__Assignment__
I'd like every entry returned exactly as it is, with the images left out.

"""

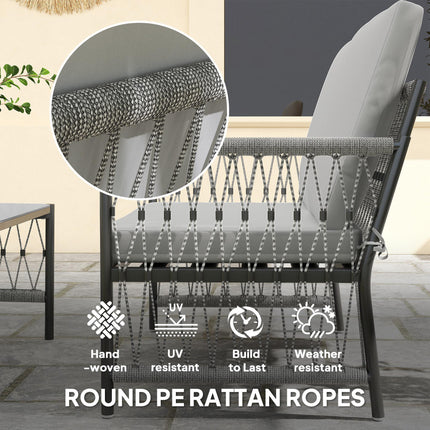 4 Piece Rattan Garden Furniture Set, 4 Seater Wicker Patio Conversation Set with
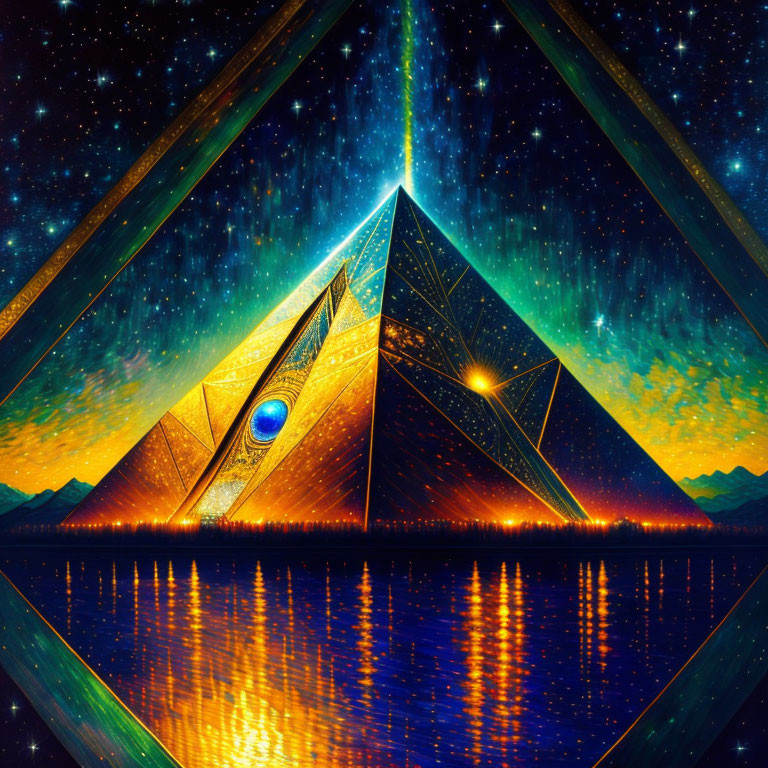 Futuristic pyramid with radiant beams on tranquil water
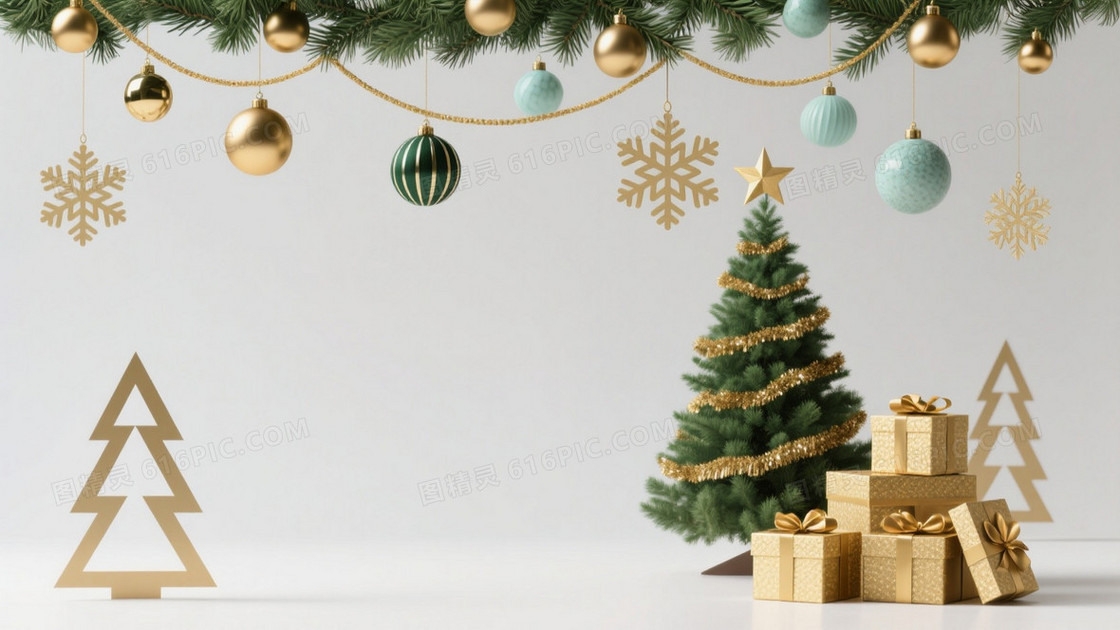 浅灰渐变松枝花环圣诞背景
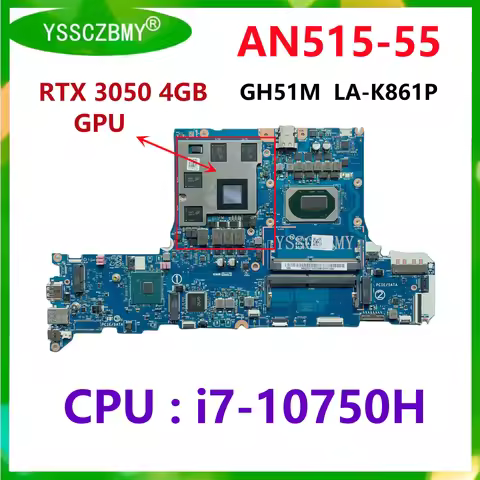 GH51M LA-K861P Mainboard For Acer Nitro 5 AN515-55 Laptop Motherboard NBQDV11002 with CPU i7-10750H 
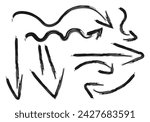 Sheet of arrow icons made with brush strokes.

"""

__Answer section__
 4 Piece Rattan Garden Furniture Set, 4 Seater Wicker Patio Conversation Set with
 Futuristic pyramid with radiant beams on tranquil water
 浅灰渐变松枝花环圣诞背景
 GH51M LA-K861P Mainboard For Acer Nitro 5 AN515-55 Laptop Motherboard NBQDV11002 with CPU i7-10750H 
 Sheet of arrow icons made with brush strokes.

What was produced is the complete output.